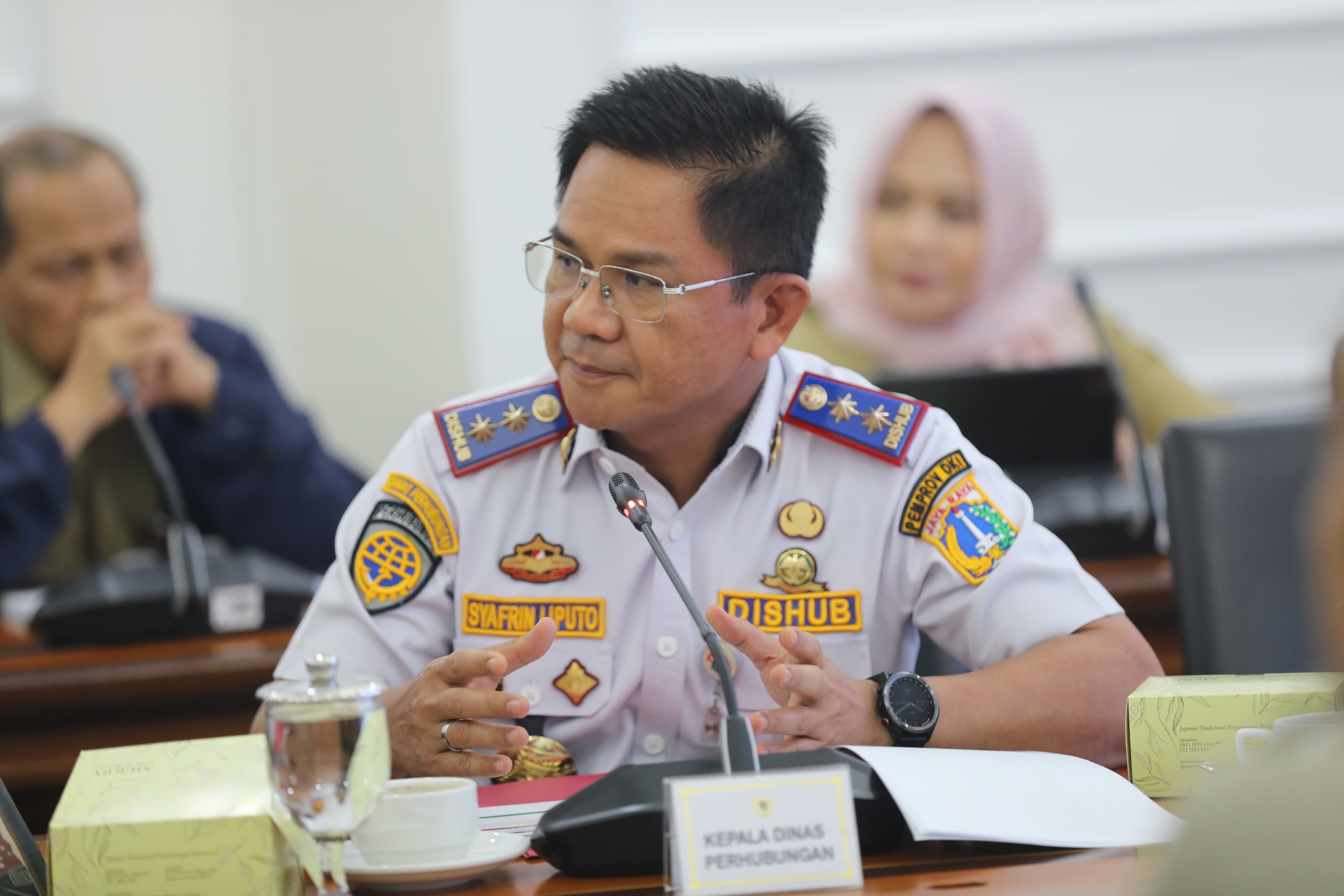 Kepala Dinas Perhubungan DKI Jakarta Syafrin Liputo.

* * *

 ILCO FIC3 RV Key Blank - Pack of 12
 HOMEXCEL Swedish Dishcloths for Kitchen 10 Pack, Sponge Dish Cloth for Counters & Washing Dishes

TASK DETAILS: Return a copy of every line in the records that includes the string "Pack".

EXPECTED ANSWER:
 ILCO FIC3 RV Key Blank - Pack of 12
 HOMEXCEL Swedish Dishcloths for Kitchen 10 Pack, Sponge Dish Cloth for Counters & Washing Dishes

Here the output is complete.